Illness and corona: main suspect in Litvinenko case dead

In 2006, the Russian Kremlin critic Litvinenko died of radioactive poisoning in exile in London.

Illness and corona: main suspect in Litvinenko case dead

In 2006, the Russian Kremlin critic Litvinenko died of radioactive poisoning in exile in London. Now one of the main suspects has died. The message comes from Moscow from the second suspect - including a tribute to the deceased.

One of the two main suspects in the murder of former Russian agent Alexander Litvinenko is dead. His "close and loyal friend" Dmitry Kovtun died suddenly of a "serious illness related to a coronavirus infection", said Andrei Lugovoi, MP and second main suspect in the case of Litvinenko.

Former Russian agent and Kremlin critic Litvinenko died in exile in London in 2006 from poisoning with highly radioactive polonium. He had previously had tea with Russian businessmen and former KGB agents Kovtun and Lugovoi. The British police had identified Lugovoi and Kovtun as the main suspects and applied in vain for their extradition.
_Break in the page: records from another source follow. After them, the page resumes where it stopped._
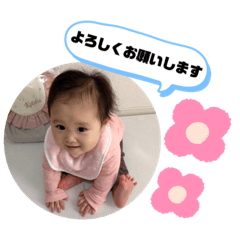sanae_20201021134326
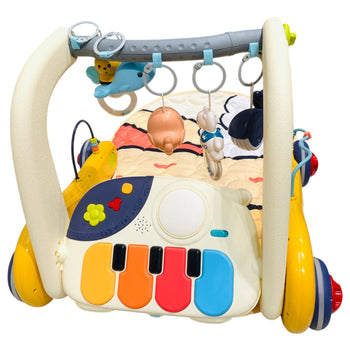 3-in-1-Baby-Play-Mat-Baby-Gym-1-1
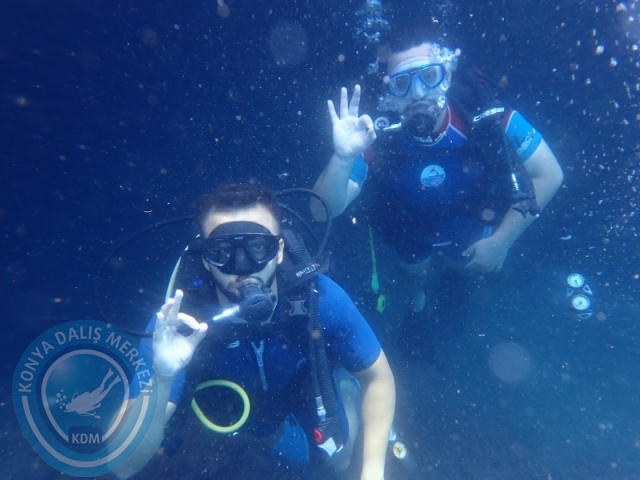 27-28 Haziran ALANYA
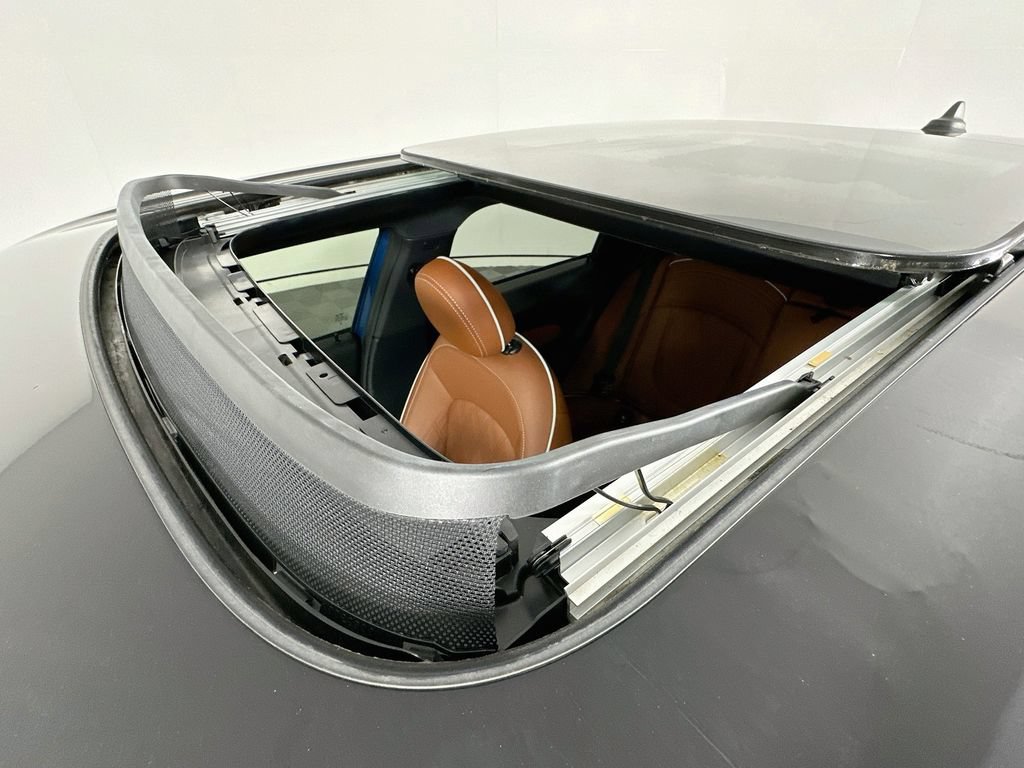 Used 2024 MINI Cooper Clubman S FWD image 22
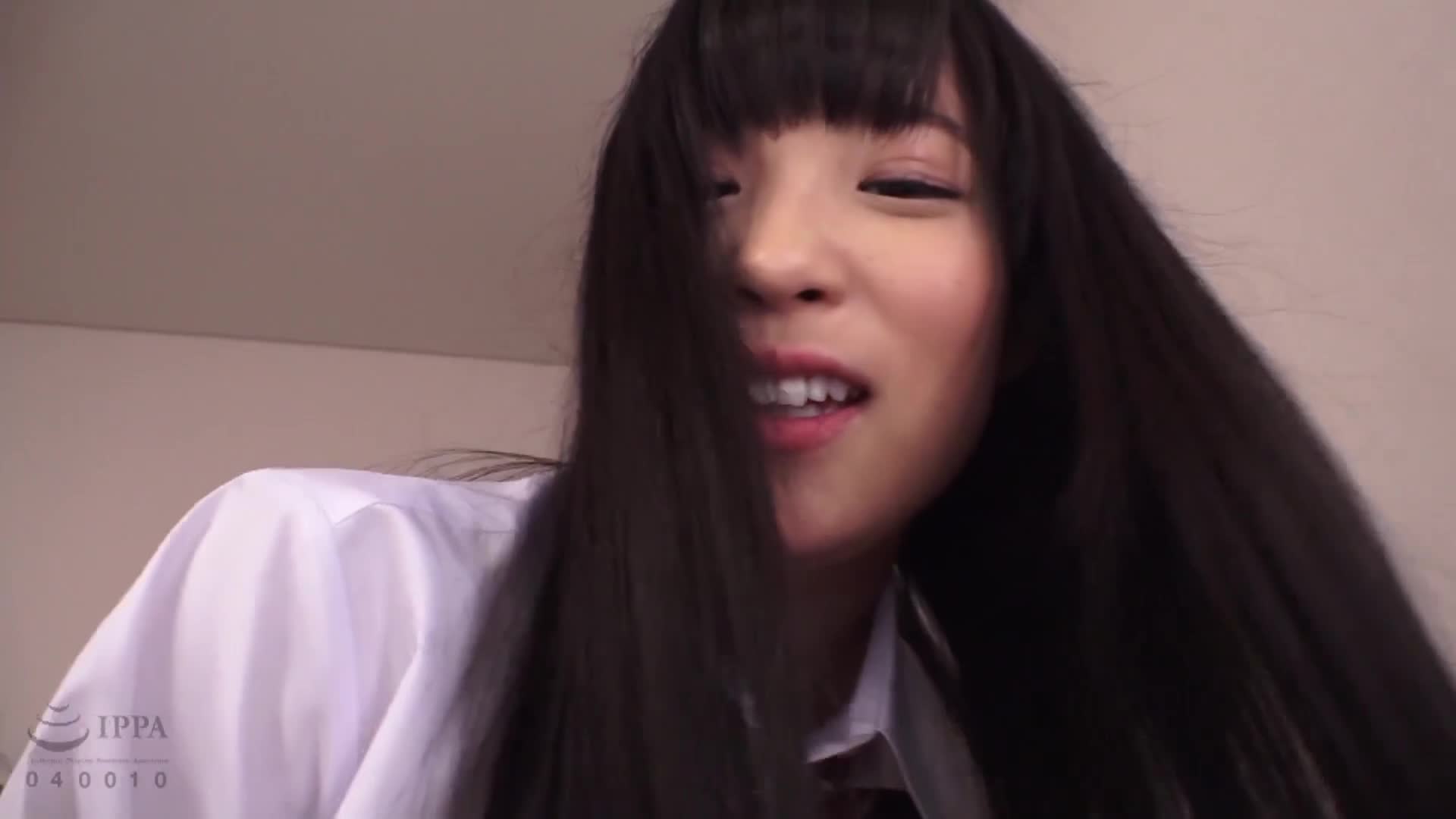 IBW Special Selection: On the day when my parents were not at home, I had crazy sex with my sister. 4 hours of video recording - AV大平台-Chinese Subtitles, Adult Films, AV, China, Online Streaming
His death was "a terrible and irretrievable loss," said Lugovoi's statement about Kovtun. Kovtun died in a Moscow hospital, the Russian state news agency TASS wrote, citing people close to him.

In September last year, the European Court of Human Rights (ECtHR) declared that Russia was "responsible for the murder" of Litvinenko. There is a strong suspicion that the two perpetrators "acted as agents of the Russian state". Russia has denied any involvement in the case.